» Task statement: The lines to extract begin at the line that contains "учебном году Вчера" and run through the last line of the listing; reproduce them exactly, minus any pictures.

» Input data:
########
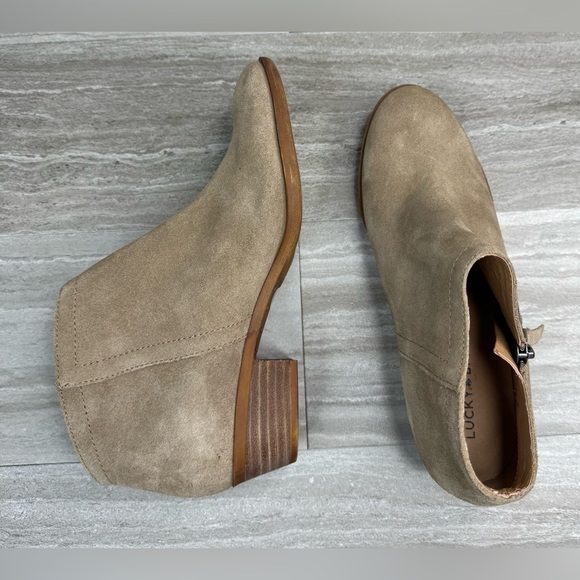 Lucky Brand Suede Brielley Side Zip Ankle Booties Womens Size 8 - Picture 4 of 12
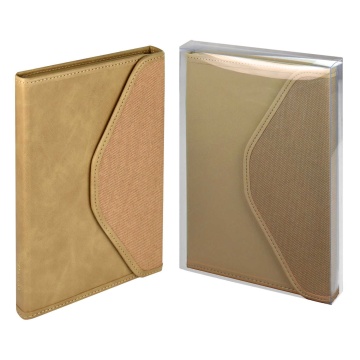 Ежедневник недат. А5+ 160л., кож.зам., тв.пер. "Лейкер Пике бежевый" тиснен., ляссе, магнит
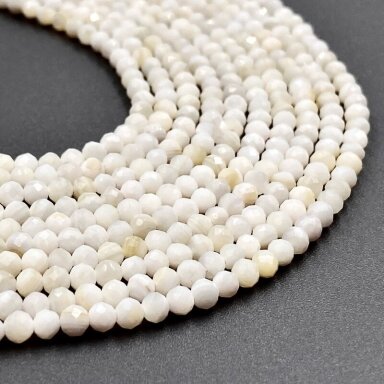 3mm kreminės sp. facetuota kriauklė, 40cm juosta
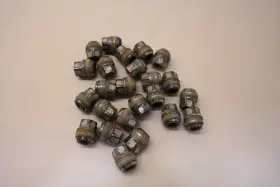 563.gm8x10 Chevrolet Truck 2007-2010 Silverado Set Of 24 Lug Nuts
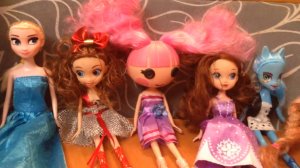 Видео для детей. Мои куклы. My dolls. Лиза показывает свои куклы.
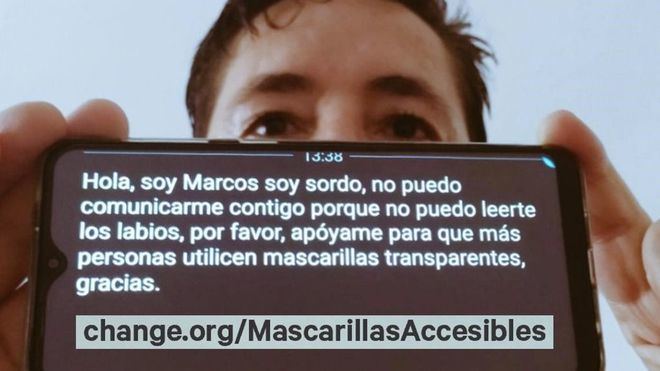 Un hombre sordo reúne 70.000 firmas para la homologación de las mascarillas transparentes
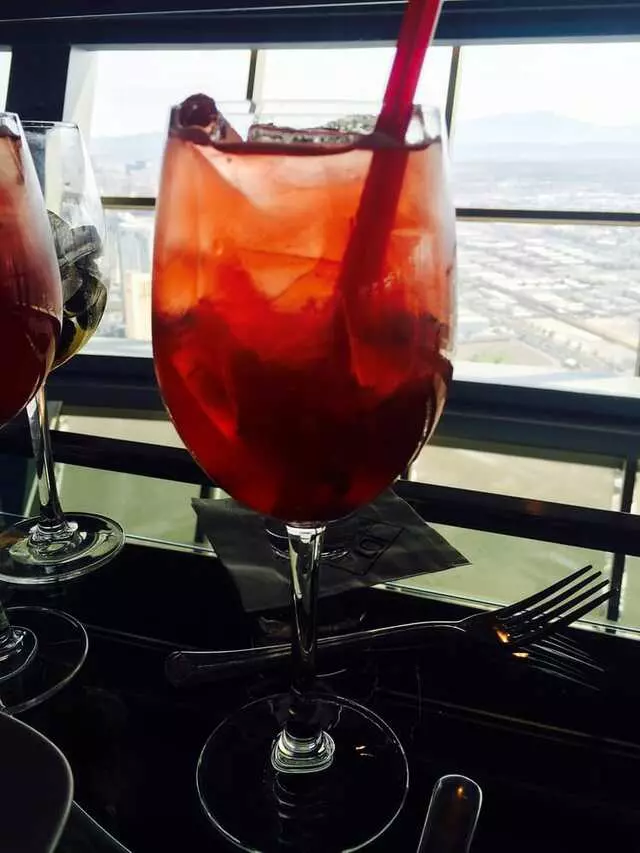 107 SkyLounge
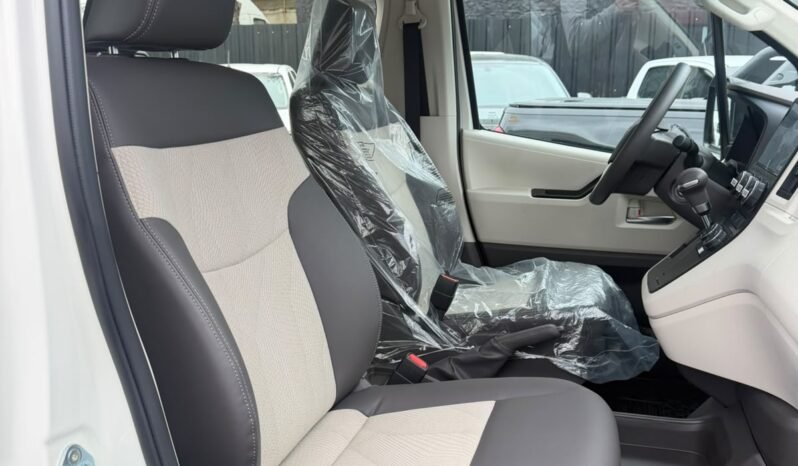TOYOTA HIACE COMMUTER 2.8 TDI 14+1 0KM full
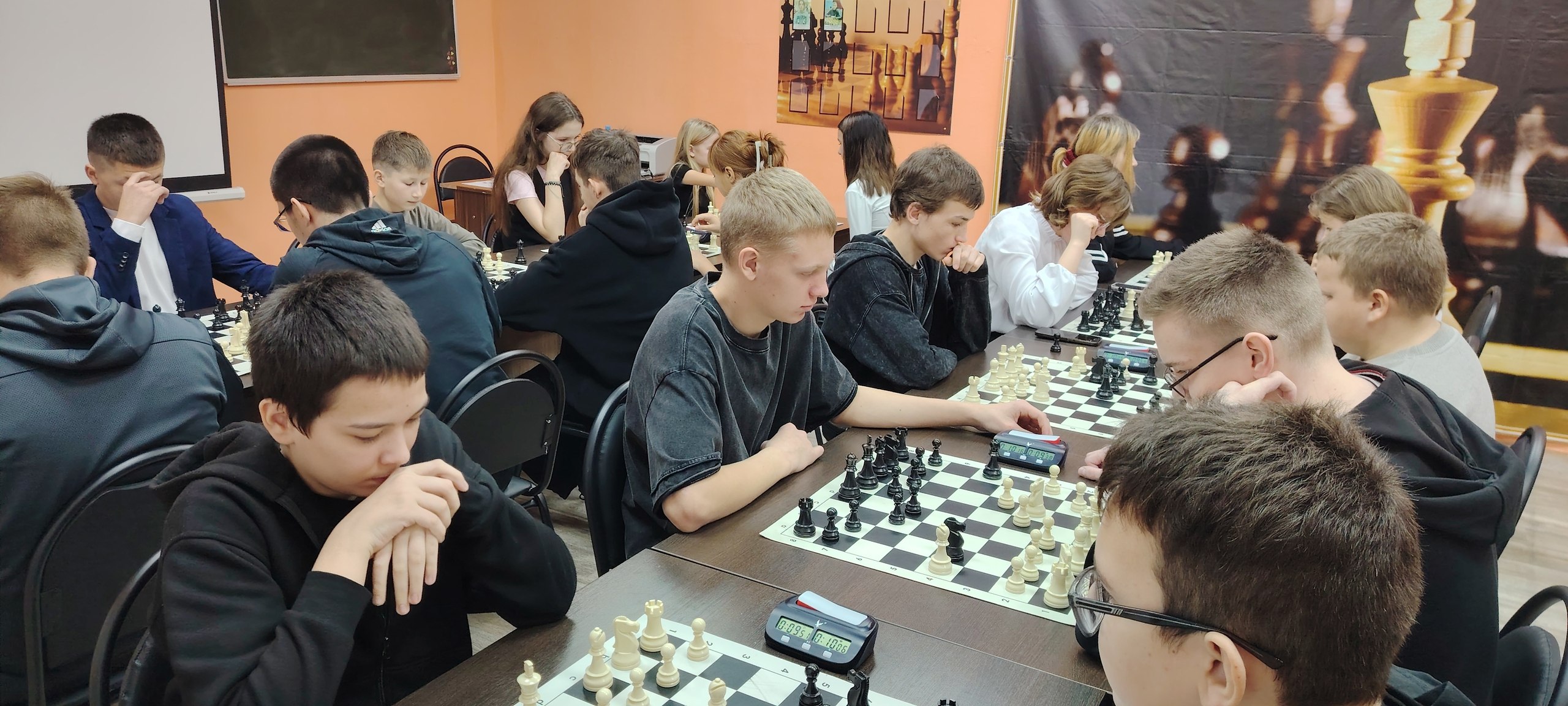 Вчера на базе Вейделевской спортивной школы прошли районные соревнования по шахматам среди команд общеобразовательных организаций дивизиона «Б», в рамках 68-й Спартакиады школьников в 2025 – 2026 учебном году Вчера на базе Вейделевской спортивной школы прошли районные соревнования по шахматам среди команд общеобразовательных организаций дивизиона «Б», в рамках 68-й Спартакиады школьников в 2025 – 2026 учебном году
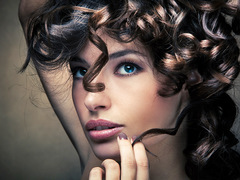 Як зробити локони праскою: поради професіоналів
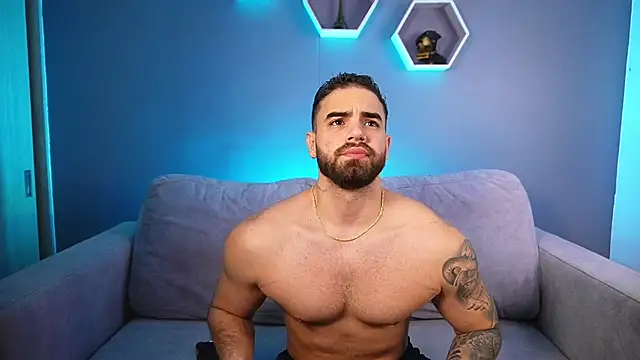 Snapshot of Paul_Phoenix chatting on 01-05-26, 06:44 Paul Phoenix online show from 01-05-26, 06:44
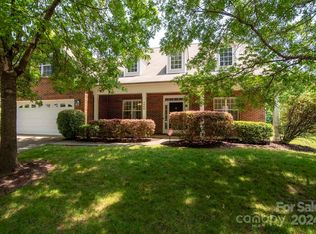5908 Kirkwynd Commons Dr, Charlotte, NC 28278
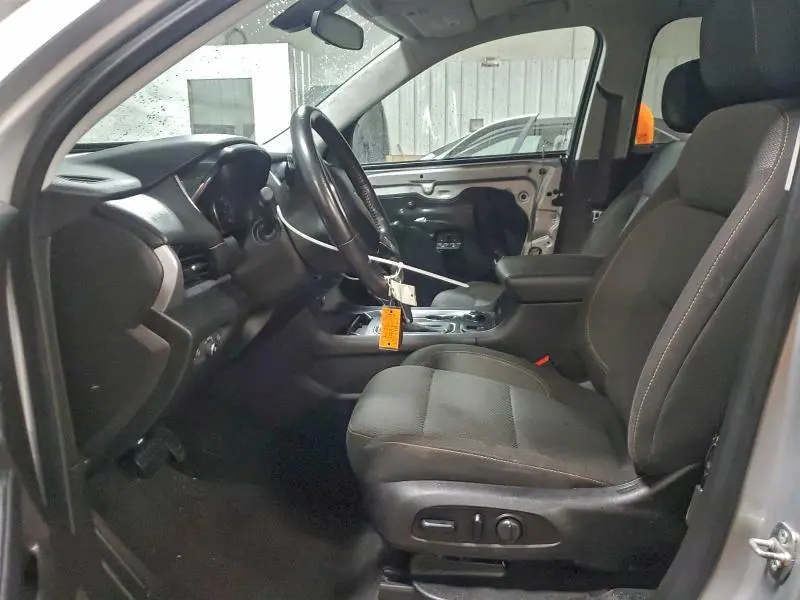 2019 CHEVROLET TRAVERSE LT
########
» Written solution:
 Вчера на базе Вейделевской спортивной школы прошли районные соревнования по шахматам среди команд общеобразовательных организаций дивизиона «Б», в рамках 68-й Спартакиады школьников в 2025 – 2026 учебном году Вчера на базе Вейделевской спортивной школы прошли районные соревнования по шахматам среди команд общеобразовательных организаций дивизиона «Б», в рамках 68-й Спартакиады школьников в 2025 – 2026 учебном году
 Як зробити локони праскою: поради професіоналів
 Snapshot of Paul_Phoenix chatting on 01-05-26, 06:44 Paul Phoenix online show from 01-05-26, 06:44
5908 Kirkwynd Commons Dr, Charlotte, NC 28278
 2019 CHEVROLET TRAVERSE LT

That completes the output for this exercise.